A bagplot is a graphical tool for displaying the distribution of a multivariate dataset. It was developed by Rousseeuw and Van Zomeren as an extension of the classical boxplot, which is used for univariate data.
A bagplot is a scatterplot of a dataset, with two lines drawn around the points to indicate the “bag” of points that make up the bulk of the data. The lines are drawn such that they include 50% of the points, with the remaining points outside the lines forming the “fence” of points that may be potential outliers.
For example, consider the following dataset of two-dimensional points:
(1,1), (1,2), (1,3), (1,4), (1,5), (2,2), (2,3), (2,4), (2,5), (3,3), (3,4), (3,5), (4,4), (4,5), (5,5)
We can create a bagplot of this dataset by first drawing a scatterplot of the points:
Next, we need to compute the median and median absolute deviation (MAD) of the x- and y-coordinates of the points. The median is simply the middle value of the sorted dataset, and the MAD is the median of the absolute deviations from the median. For the x-coordinates, the median is 2 and the MAD is 1. For the y-coordinates, the median is 4 and the MAD is 1.
With these values, we can now draw the lines that will make up the bag of the bagplot.
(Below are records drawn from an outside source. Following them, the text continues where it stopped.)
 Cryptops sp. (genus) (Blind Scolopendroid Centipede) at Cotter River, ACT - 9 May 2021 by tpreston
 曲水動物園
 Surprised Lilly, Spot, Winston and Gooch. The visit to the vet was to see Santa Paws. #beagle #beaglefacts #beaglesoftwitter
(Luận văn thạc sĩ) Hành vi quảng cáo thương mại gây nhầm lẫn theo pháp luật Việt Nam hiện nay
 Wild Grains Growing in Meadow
These lines are drawn such that they include 50% of the points, and are defined as follows:
The lower line is the median minus 1.5 times the MAD
The upper line is the median plus 1.5 times the MAD
For the x-coordinates, this gives us a lower line at 2-1.51=0.5 and an upper line at 2+1.51=3.5. For the y-coordinates, this gives us a lower line at 4-1.51=2.5 and an upper line at 4+1.51=5.5.
We can now draw these lines on the scatterplot, resulting in the following bagplot:
As we can see, the lines enclose most of the points in the dataset, with only a few points outside the lines (indicated by the red dots). These points can be considered potential outliers, since they fall outside the bag of most of the data.
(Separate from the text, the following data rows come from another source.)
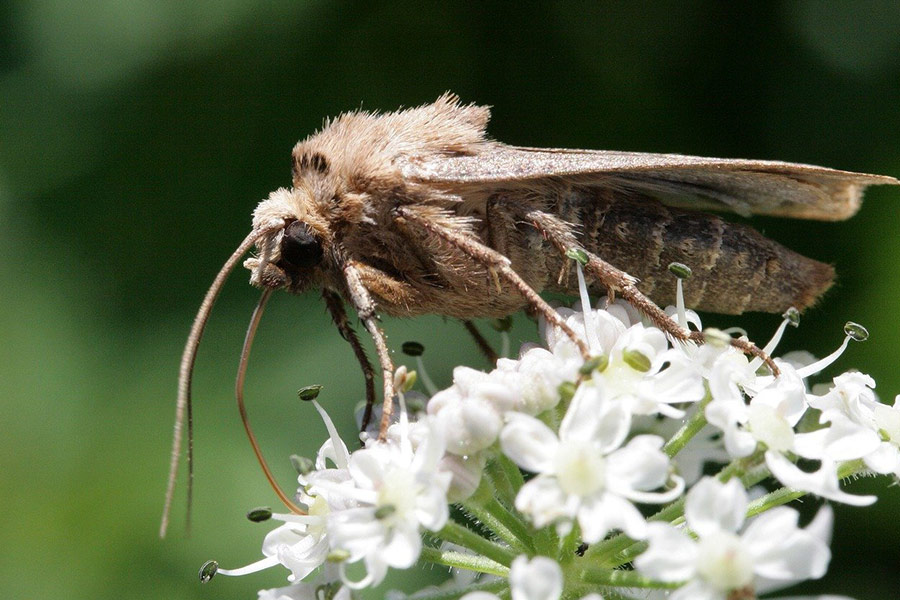 Brown insect white flower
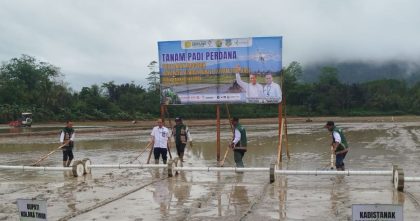 Tanam padi perdana program PM-AAS di Kolaka Timur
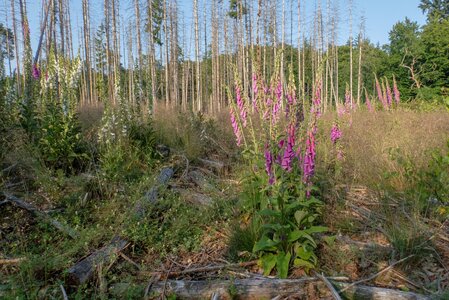 Epilobion angustifolii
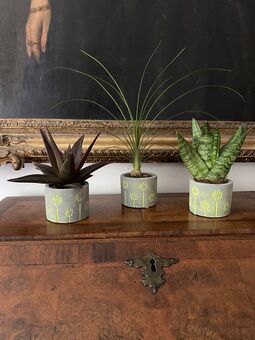 Three succulent plants in concrete pots with yellow pattern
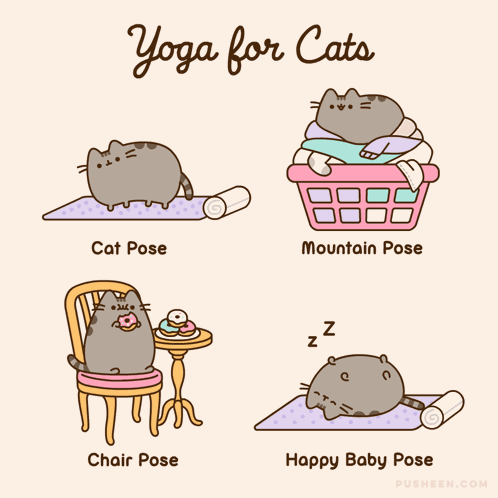 Pusheen Pusheen Cat GIF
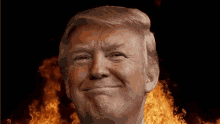 Trump Donald GIF - Trump Donald Youre GIFs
The bagplot is a useful tool for identifying potential outliers in multivariate data, and can be used in a variety of applications, such as quality control and statistical analysis. It is particularly useful for datasets with many points and/or high dimensions, where traditional methods such as the boxplot may not be effective.
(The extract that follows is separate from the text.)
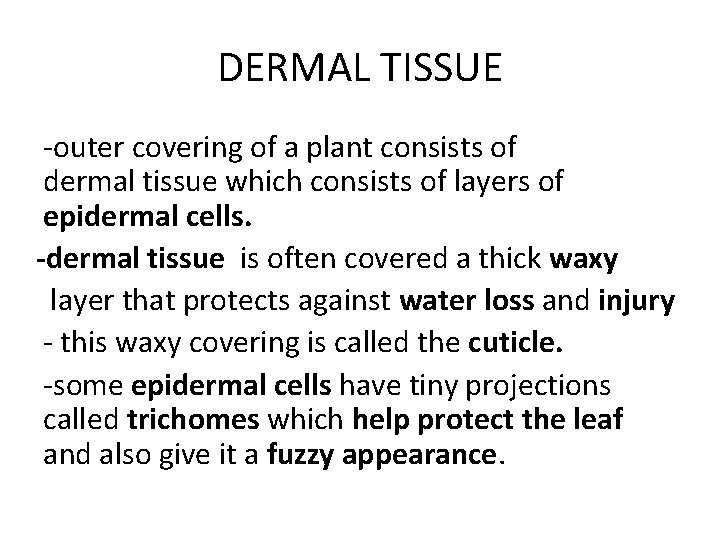 DERMAL TISSUE -outer covering of a plant consists of dermal tissue which consists of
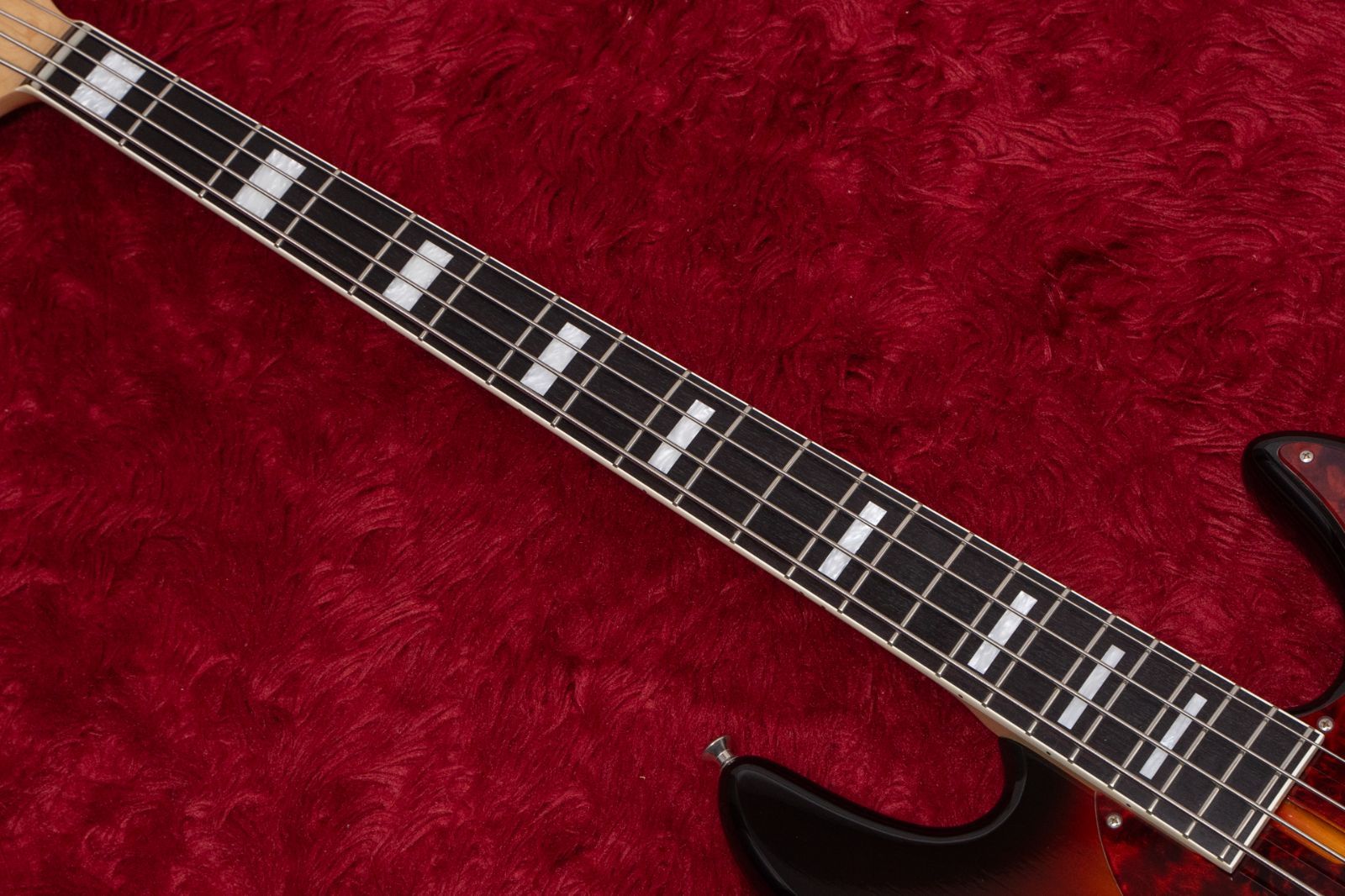 used Fodera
One potential limitation of the bagplot is that it is based on arbitrary constants (e.g. the factor of 1.5 used to compute the lines around the points), which may not always be appropriate for all datasets. Alternative methods, such as the minimum covariance determinant estimator, have been proposed to address this issue.
Overall, the bagplot is a powerful and flexible tool for visualizing and analyzing multivariate data, and can provide valuable insights into the underlying distribution of a dataset.